The example 250 shown in FIG. 2B illustrates media file play requests being sent from a user's mobile wireless communication device 232 to a number of media players 247. For example, the mobile wireless communication device 232 can be in close proximity to the stationary media transfer device 244, which can be associated with a proximity detector 252 (e.g., as described at 110 with regard to FIG. 1). In some examples, the proximity detector 252 can be operable continuously to detect mobile wireless communication devices 232 within short-range of the stationary media transfer device 244. Upon detection of the short-range proximity, the proximity detector 252 and/or the associated stationary media transfer device 244 can send a proximity event notification 254 to the mobile wireless communication device 232.

Upon receipt of the proximity event notification 254, the mobile wireless communication device 232 can activate a proximity detection application (not shown). The proximity detection application can attempt to access the stationary media transfer device 244 by starting each of a number of short-range communication protocols (e.g., Wifi, Bluetooth, etc.) and identify which, if any, enable linkage between the mobile wireless communication device 232 and the stationary media transfer device 244 to transfer a media file. Such access being achieved confirms the close proximity determination of the proximity detector 252.

Connection (e.g., linkage) between the mobile wireless communication device 232 and the stationary media transfer device 244 can be accomplished, for example, by registering for notification from one device to the other device if WiFi is turned on and then attempting to connect over WiFi. If the connection is successful, an IP end point (e.g., of an access point) can be returned such that a proximity detection application can identify the stationary media transfer device 244 and determine the communication end point(s). Accordingly, the mobile wireless communication device 232 and the stationary media transfer device 244 can be linked to enable transfer of media files. As described with regard to FIG. 2A, metadata (e.g., the media file application state 234, etc.) can be sent and/or a pairing protocol 238 can, in some examples, be performed though a media service in the cloud 236 or otherwise.

When the mobile wireless communication device 232 and the stationary media transfer device 244 are linked, a notification can be presented to the user, or an enabling application, asking for user consent 255 to enable transfer of display of a media file currently being accessed (e.g., displayed) by the mobile wireless communication device 232 to a media player 247 (e.g., a nearby television). For example, the user can be presented with an option as to whether an accessed video should continue to be displayed on the mobile wireless communication device 232 or whether display of the accessed video should be transferred to the media player 247.

If the user, or the enabling application, consents to such transfer, a media transfer request 256 can be sent from the mobile wireless communication device 232 to the stationary media transfer device 244. The media transfer request 256 can, for example, include metadata identifying the media file currently being accessed (e.g., displayed) on the mobile wireless communication device 232 and its current application state (e.g., metadata that includes the media file's name, version, URL, current time and/or point in progression, etc.). Accordingly, the stationary media transfer device 244 can appropriately direct a media play request 258 to direct the media player 247 to play the media file (e.g., currently and/or at a specified future time). Through use of the metadata (e.g., the current application state), the media file can be played continuously on the media player 247 from the last time and/or point in progression displayed on the mobile wireless communication device 232 before transfer of the media file.

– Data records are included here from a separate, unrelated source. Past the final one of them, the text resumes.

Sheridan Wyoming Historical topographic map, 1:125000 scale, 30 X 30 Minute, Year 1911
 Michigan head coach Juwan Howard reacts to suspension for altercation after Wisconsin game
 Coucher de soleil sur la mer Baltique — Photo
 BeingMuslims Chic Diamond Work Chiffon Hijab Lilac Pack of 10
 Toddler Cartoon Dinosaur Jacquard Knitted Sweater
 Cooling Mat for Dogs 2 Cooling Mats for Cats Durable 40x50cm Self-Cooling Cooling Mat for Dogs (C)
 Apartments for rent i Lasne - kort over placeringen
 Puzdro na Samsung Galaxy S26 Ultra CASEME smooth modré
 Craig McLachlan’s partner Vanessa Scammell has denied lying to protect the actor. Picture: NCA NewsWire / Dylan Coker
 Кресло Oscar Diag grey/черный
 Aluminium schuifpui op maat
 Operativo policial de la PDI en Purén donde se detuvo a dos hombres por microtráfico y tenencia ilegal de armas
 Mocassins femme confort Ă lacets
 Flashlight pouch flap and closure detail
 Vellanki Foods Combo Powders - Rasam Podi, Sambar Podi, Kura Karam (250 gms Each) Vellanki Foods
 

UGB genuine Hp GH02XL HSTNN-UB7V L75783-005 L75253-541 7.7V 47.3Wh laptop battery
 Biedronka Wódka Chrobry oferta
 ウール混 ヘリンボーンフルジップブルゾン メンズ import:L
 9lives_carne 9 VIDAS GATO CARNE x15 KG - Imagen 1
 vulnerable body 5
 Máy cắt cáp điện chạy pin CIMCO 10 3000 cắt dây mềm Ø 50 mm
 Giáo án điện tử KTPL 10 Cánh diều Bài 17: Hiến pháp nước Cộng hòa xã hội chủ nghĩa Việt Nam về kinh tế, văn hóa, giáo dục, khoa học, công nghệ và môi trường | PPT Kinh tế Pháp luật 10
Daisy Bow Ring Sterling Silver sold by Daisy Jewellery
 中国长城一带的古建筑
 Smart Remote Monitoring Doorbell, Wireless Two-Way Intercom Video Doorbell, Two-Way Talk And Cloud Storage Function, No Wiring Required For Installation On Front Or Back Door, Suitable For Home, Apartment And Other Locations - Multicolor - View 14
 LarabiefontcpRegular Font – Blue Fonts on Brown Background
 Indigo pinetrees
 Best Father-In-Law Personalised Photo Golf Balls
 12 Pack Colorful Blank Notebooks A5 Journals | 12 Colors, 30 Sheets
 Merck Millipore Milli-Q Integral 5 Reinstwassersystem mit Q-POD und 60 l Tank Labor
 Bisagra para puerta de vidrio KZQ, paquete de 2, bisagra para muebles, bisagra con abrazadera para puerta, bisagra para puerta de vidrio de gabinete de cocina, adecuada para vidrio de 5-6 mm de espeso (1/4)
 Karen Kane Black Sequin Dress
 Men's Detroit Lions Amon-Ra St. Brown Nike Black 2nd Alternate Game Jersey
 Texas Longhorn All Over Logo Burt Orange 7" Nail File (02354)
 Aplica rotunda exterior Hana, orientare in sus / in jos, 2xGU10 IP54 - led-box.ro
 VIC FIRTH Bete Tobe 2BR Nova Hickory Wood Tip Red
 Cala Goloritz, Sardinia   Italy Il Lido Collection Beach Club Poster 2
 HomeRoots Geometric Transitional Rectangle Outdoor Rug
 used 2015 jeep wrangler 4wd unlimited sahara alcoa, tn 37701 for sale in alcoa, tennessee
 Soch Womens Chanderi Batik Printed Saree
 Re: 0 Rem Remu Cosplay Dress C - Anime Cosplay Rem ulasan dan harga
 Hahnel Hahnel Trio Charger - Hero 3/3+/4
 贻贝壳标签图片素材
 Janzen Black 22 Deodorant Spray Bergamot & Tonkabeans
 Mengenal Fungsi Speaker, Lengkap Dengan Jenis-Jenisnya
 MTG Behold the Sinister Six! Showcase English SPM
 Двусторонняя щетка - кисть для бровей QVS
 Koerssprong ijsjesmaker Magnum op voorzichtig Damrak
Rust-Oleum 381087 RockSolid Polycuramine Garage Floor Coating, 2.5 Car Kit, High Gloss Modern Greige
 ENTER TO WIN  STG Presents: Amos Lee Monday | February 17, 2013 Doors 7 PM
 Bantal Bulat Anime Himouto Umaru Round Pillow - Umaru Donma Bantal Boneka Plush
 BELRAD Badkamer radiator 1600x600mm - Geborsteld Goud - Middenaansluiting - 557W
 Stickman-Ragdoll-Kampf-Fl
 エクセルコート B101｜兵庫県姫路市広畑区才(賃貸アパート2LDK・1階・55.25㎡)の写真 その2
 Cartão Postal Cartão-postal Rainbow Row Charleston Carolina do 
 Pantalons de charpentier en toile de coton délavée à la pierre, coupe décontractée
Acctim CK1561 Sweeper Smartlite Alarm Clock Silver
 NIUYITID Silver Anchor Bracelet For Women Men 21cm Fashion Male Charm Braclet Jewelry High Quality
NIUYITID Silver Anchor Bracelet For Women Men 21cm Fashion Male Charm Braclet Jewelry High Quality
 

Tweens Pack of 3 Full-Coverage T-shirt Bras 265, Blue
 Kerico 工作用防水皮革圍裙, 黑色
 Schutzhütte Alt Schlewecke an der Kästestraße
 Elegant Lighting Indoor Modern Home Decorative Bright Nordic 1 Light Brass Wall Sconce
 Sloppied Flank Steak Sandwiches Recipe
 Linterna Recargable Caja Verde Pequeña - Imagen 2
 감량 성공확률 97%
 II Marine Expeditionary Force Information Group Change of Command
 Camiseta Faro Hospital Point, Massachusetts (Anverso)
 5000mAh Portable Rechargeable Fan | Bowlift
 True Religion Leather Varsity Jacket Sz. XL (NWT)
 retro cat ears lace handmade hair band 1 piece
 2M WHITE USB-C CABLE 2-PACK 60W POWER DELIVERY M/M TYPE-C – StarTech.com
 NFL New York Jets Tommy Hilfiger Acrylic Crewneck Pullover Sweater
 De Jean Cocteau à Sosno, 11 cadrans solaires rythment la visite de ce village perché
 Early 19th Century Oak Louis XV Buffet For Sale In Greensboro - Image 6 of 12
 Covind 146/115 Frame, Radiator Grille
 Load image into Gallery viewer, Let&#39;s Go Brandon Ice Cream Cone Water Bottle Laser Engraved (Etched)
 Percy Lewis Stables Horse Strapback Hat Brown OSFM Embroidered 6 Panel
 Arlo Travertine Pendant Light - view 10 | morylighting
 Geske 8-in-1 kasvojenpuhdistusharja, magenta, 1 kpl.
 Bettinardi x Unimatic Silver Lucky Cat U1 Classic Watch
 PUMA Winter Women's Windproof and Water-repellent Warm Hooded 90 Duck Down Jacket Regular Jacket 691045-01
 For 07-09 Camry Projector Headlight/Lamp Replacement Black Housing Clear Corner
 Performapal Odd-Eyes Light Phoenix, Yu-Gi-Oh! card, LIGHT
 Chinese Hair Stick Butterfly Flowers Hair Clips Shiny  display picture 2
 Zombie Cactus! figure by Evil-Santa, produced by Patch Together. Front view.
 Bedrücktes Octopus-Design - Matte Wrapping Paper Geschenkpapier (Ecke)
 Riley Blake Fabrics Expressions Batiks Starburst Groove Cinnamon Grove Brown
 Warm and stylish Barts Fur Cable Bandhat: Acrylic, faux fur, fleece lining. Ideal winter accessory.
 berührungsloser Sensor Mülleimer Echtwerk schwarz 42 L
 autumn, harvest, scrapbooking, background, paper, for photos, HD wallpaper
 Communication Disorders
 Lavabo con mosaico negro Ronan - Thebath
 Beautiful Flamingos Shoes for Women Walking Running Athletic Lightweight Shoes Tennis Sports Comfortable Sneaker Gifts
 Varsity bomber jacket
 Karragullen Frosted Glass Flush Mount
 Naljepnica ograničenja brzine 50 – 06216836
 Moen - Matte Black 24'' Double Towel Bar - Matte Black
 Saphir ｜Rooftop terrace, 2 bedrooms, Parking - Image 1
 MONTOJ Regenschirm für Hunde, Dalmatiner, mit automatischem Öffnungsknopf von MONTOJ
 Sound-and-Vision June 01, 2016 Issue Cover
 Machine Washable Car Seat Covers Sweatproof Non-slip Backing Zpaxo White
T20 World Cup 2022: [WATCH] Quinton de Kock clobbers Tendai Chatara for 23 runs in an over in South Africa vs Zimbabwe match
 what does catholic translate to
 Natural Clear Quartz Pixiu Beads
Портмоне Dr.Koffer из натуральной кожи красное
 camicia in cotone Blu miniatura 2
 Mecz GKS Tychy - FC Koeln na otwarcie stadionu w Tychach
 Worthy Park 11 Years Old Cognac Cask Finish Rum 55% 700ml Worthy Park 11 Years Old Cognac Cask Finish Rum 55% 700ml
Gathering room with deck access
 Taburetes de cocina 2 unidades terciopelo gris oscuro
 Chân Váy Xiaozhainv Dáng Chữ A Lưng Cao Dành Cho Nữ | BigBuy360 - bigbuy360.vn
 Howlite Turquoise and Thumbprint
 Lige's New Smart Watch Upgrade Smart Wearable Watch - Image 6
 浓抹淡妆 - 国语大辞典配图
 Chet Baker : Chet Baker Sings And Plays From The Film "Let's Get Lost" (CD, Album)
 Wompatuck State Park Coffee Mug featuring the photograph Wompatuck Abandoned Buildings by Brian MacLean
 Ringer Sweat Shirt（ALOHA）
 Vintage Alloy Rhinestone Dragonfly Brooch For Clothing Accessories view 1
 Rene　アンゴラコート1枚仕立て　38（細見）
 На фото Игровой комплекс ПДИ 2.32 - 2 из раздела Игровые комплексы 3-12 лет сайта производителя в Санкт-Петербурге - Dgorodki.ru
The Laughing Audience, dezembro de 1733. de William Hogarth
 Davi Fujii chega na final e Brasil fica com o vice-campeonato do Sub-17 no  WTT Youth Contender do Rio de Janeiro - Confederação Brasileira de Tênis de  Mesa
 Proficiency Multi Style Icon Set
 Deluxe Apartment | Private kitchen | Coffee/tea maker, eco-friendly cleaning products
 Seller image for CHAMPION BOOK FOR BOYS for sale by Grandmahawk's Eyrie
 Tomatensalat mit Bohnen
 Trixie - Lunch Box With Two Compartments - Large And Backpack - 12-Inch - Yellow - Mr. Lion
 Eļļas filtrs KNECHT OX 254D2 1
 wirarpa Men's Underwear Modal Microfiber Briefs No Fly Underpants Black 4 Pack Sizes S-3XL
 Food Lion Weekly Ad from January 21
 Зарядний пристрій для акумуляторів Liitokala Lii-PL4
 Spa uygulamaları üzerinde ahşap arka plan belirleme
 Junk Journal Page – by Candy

The user can, at any point in time, pause play of the media file on the media player 247 and transfer control back to the mobile wireless communication device 232. For example, the user can continue to display the media file on the mobile wireless communication device 232 continuously or at a later time. Alternatively or in addition, when the mobile wireless communication device 232 is removed from short-range proximity to the stationary media transfer device 244 (e.g., as determined by the proximity detector 252 and/or the proximity detection application for short-range communication), the stationary media transfer device 244 can send metadata (e.g., including the current application state) concerning a media file currently being displayed on the media player 247. The mobile wireless communication device 232 can determine whether the media file is being displayed thereon. If the media file is not being displayed on the mobile wireless communication device 232, the user can be presented an option to enable display of the media file thereon. If the media file is being displayed on the mobile wireless communication device 232, the user can be presented an option to enable a reset of the application state of the media file via the stationary media transfer device 244 to synchronize with that displayed on the media player 247 and continue to play the media file.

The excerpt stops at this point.